→ **EXTRACTED DATA**:
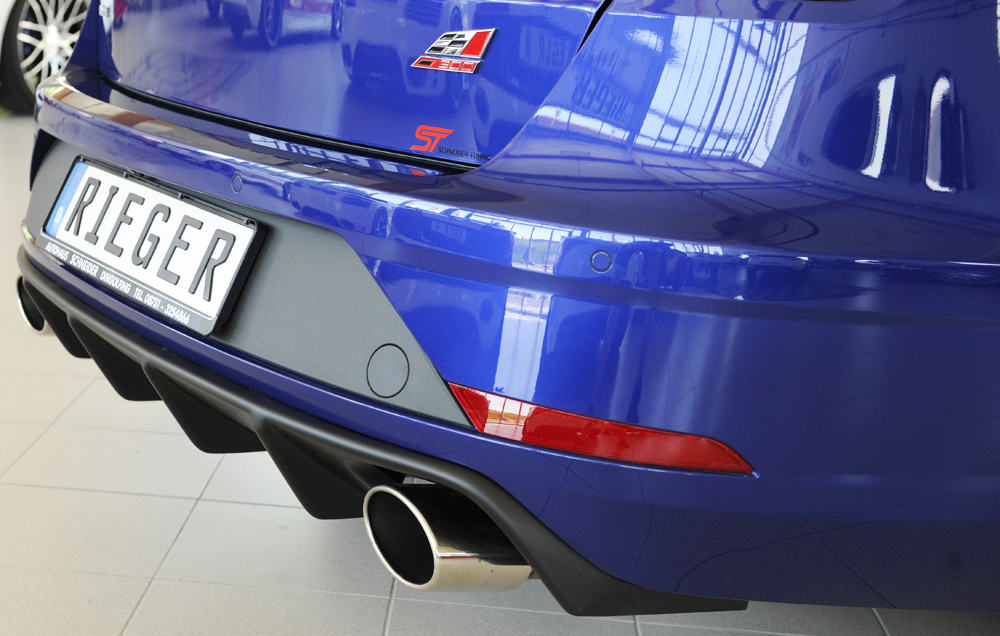 Rieger Heckeinsatz - Seat Leon Cupra Seat Leon Cupra (5F): 5-tür. (ST/Kombi) Rieger Heckeinsatz - Seat Leon Cupra Seat Leon Cupra (5F): 5-tür. (ST/Kombi)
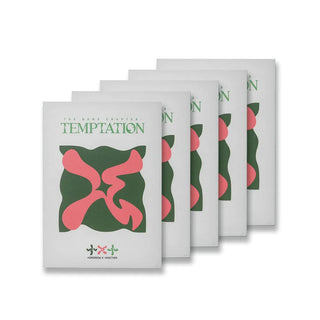 TXT (TOMORROW X TOGETHER) ALBUM Set (All 5 Versions) TXT (TOMORROW X TOGETHER) - THE NAME CHAPTER : TEMPTATION (Lullaby ver.)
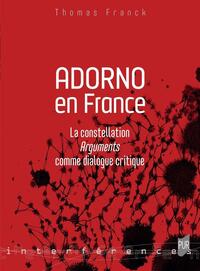 Adorno en France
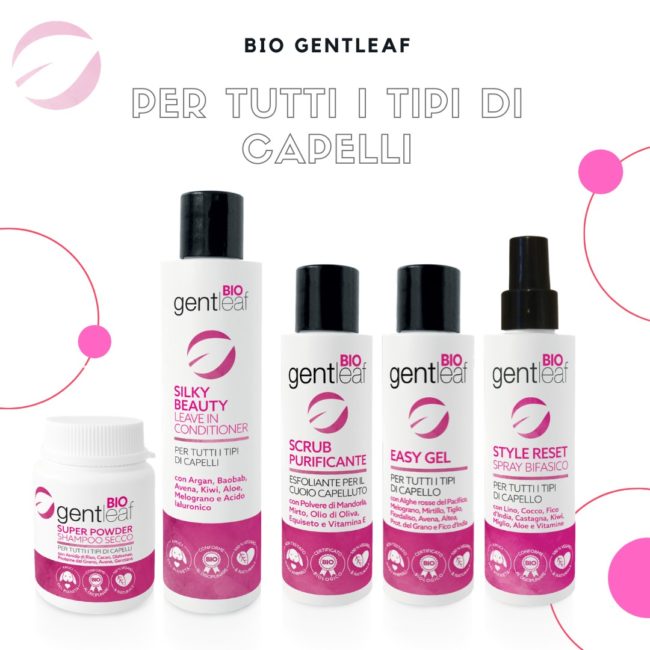 Gentleaf Bio Impacco Capelli ricci e crespi - OFFICIAL PROGETTO RAPUNZEL  ITALIA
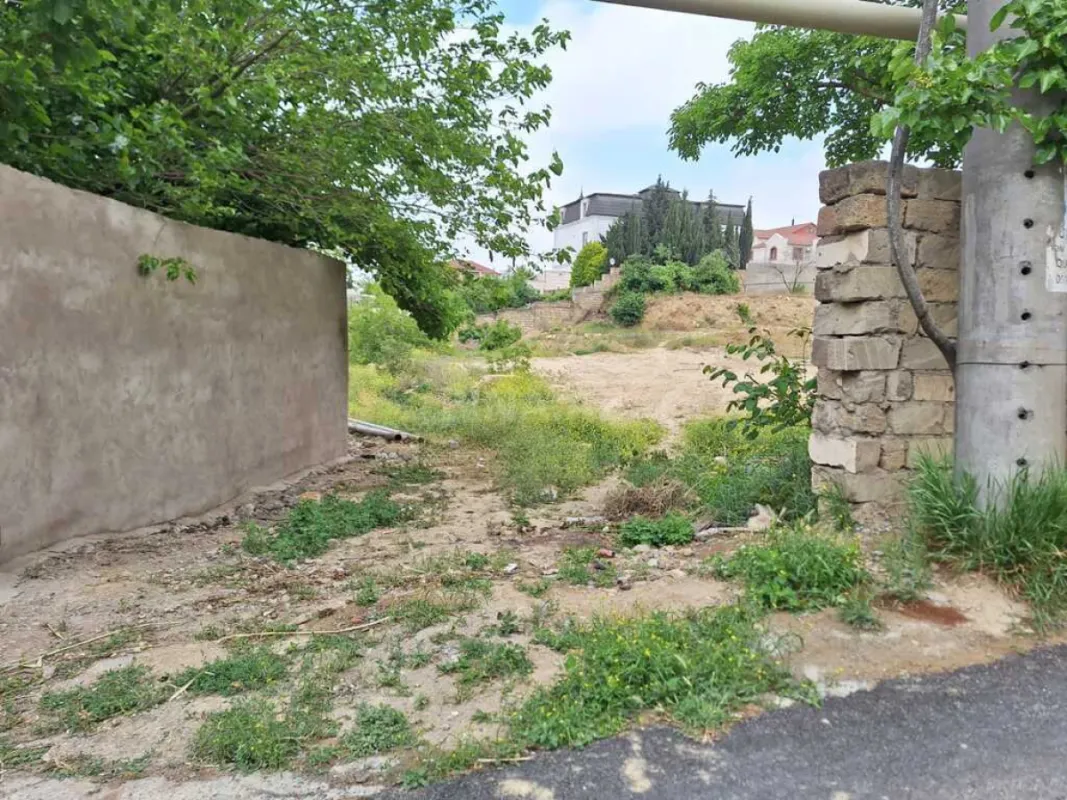 Satılır torpaq sahəsi 6.2 m²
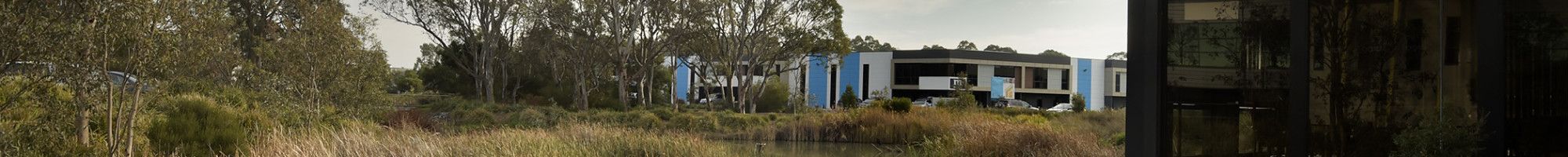 Dandenong South waterway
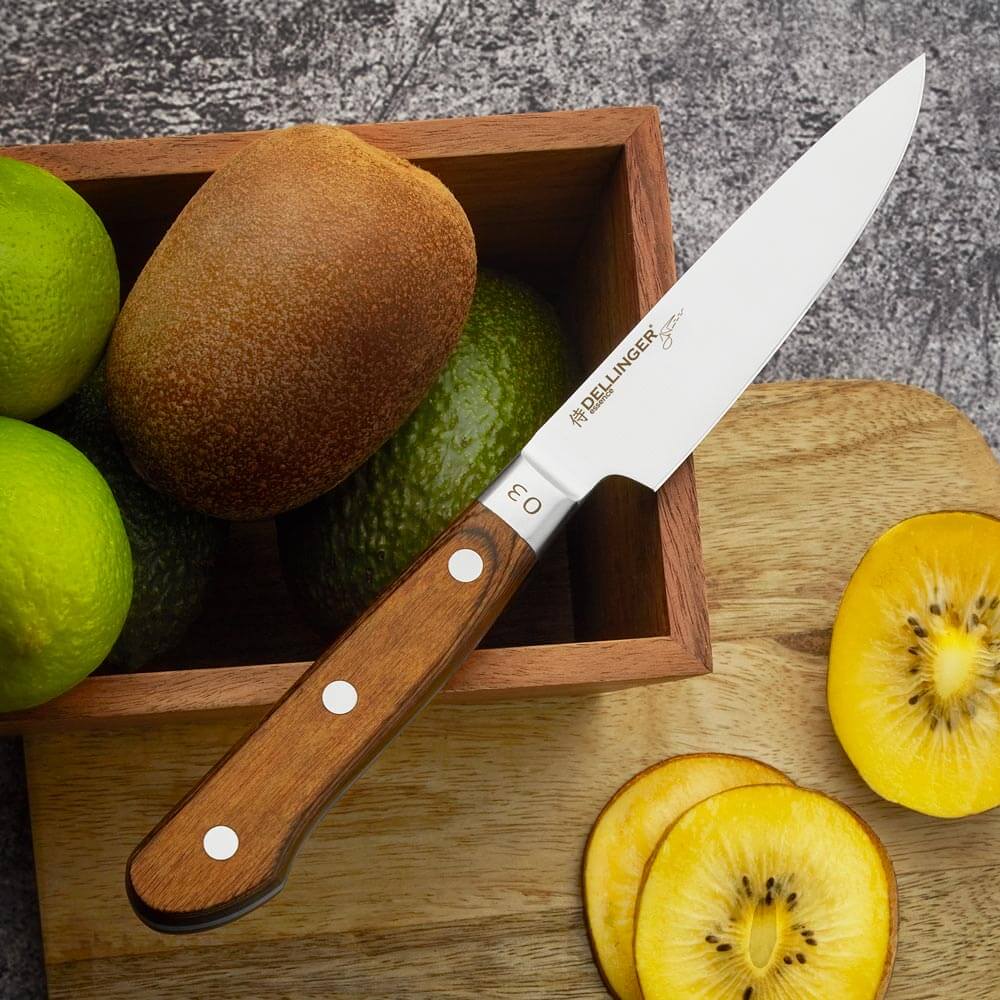 Pomocný nůž Petty 100 mm Dellinger Essence - Šikula Nr. 03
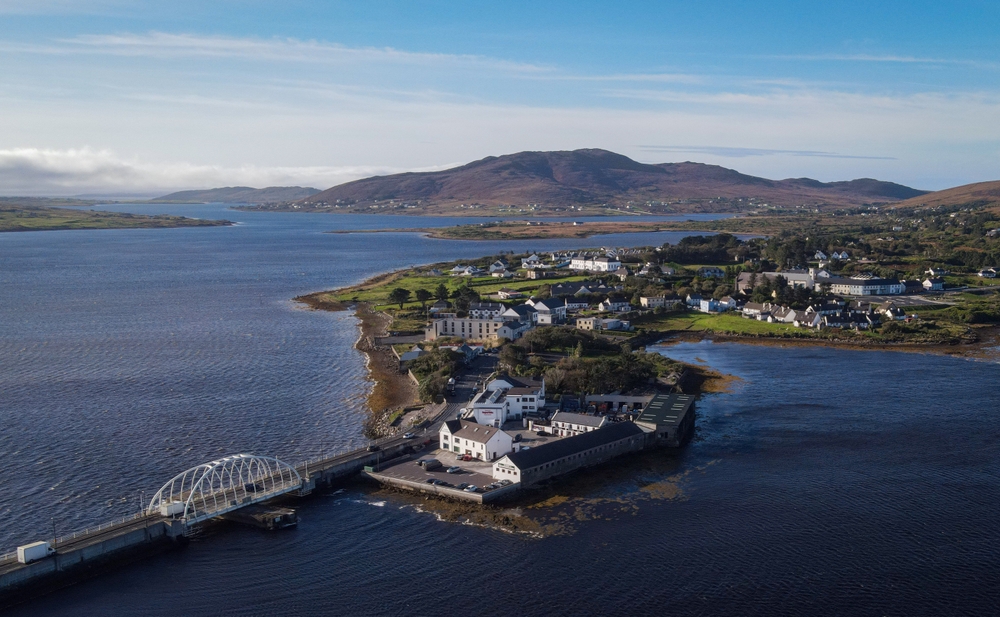 Achill Island Named In Top 10 Best Islands In The World 3 Achill Island Bridge, County Mayo, Ireland. Shutterstock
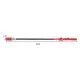 Portable Fiberglass Golf Swing Stick, Improve Grip & Shot Accuracy Golf Warm-Up Tool For Beginners & Pros-Red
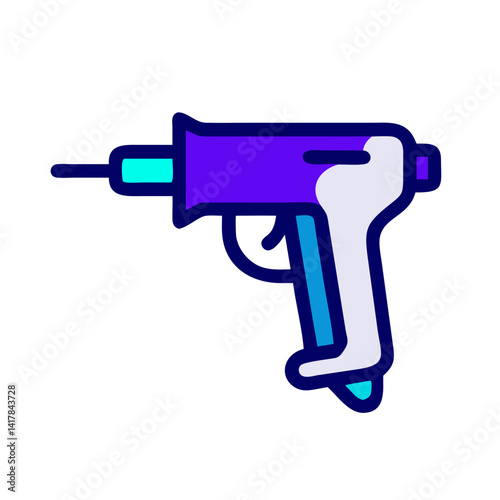 Speargun icon vector illustration for sport and hunting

→ **WHAT TO WORK ON**: Set down again, exactly, every line above from the one with "Achill Island Named" down to the one with "Portable Fiberglass Golf", both ends included. No pictures, and nothing else.

→ **COMPLETED EXERCISE**:
 Achill Island Named In Top 10 Best Islands In The World 3 Achill Island Bridge, County Mayo, Ireland. Shutterstock
 Portable Fiberglass Golf Swing Stick, Improve Grip & Shot Accuracy Golf Warm-Up Tool For Beginners & Pros-Red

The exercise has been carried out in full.